Saturday - 17 December 2022
Workout: Calves, daily work, & extra conditioning, 1005-1050 (45 minutes)

Towel hop tabata - 4x40/10

3 rounds of:
a) Single-leg calf raises - L/R - 35 lbs - 10, 8, 8
b) DB gorilla rows - 2x30 lbs - L/R - 15, 15, 15
c) KB swings - 28 kg - 50, 50, 50

Towel hop tabata - 4x40/10

(Half) Cindy WOD - AMRAP, 10 minutes
a) 5 pull-ups
b) 10 push-ups
c) 15 air squats
Rounds: 7 + 0 reps (finished 9 full rounds in an additional 3:05)

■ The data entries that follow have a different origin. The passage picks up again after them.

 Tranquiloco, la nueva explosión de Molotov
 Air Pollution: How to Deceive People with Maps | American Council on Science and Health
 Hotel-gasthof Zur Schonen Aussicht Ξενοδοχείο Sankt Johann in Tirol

Legs are stuck in concrete again, folks!

Out-of-town family is coming into town in an hour or so, so I needed to knock this out early. My legs got tight after the walk, and I was moving slowly throughout. My Cindy performance was miserable, but the effort was there! Decided to make it more about the reps today than the time, so I knocked out two more rounds after the timer expired. Air squats were the slow move again—obviously feeling yesterday’s squats, but that’s exactly why I do these on Saturday and not some other day—but really everything was pretty slow: still feeling fatigued.

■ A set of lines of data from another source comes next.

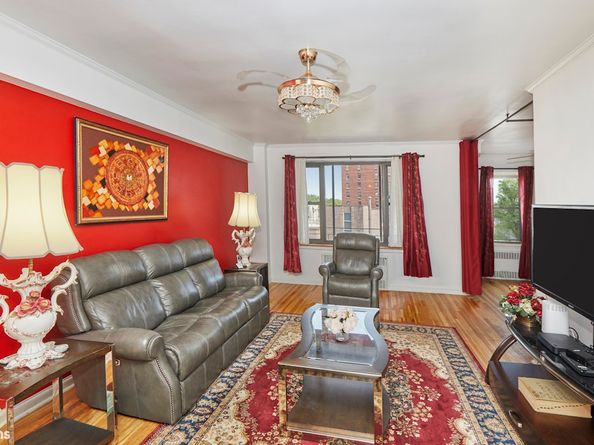 3616 Henry Hudson Parkway 6AN, Bronx NY 10463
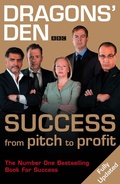 Cover: Dragons' Den - Collins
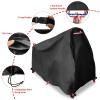 Kids Rocking Horse Cover for Radio Flyer Rocking Horse,Waterproof Riding Horse Cover for Radio Flyer Interactive Riding Horse,Ride On Horse Cover for Toddlers Ride On Toys view 3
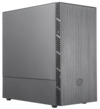 Scheda Tecnica: Cooler Master Masterbox Mb400l MiniTower mini-ITX/MicRedX - Espansione, 1xUSB 3.0, 1xUSB 3.2, 1x120mm Fan Front, 1x120m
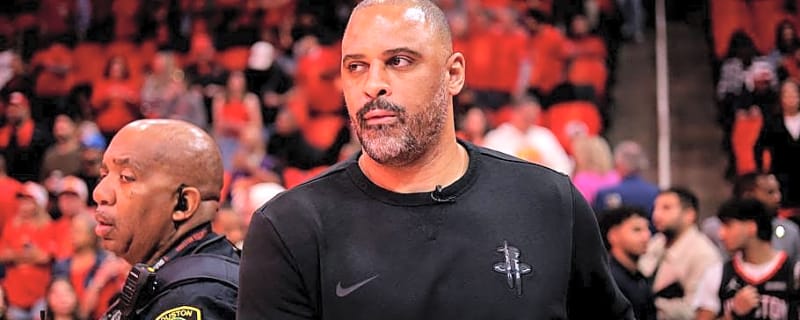 What Must Ime Udoka Do to Get Off the Hot Seat?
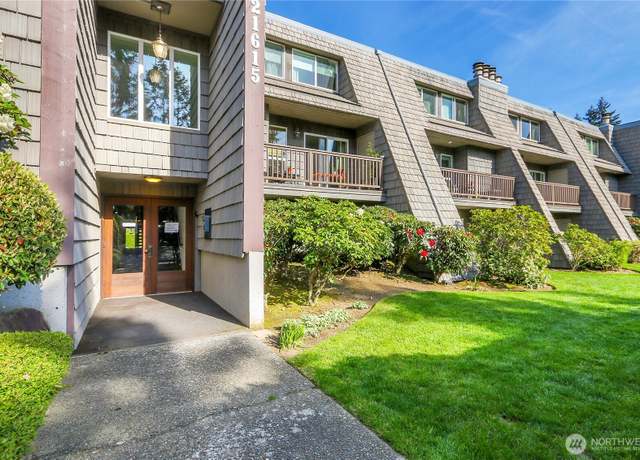 Property at 21615 80th Ave W #101, Edmonds, WA 98026, 3 beds, 2 baths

But with family here, I’ll be eating recovering most of the day.

Yes, some of the food is off-menu, and, yes, I’ll have some of the Christmas cookies my daughter is making even as I write this, but I won’t go crazy with any of it.

Oh, right—BB curls. Today’s goal is 150 unbroken, but as has become usual on Saturdays lately, we’ll just have to see how the rest of the day unfolds…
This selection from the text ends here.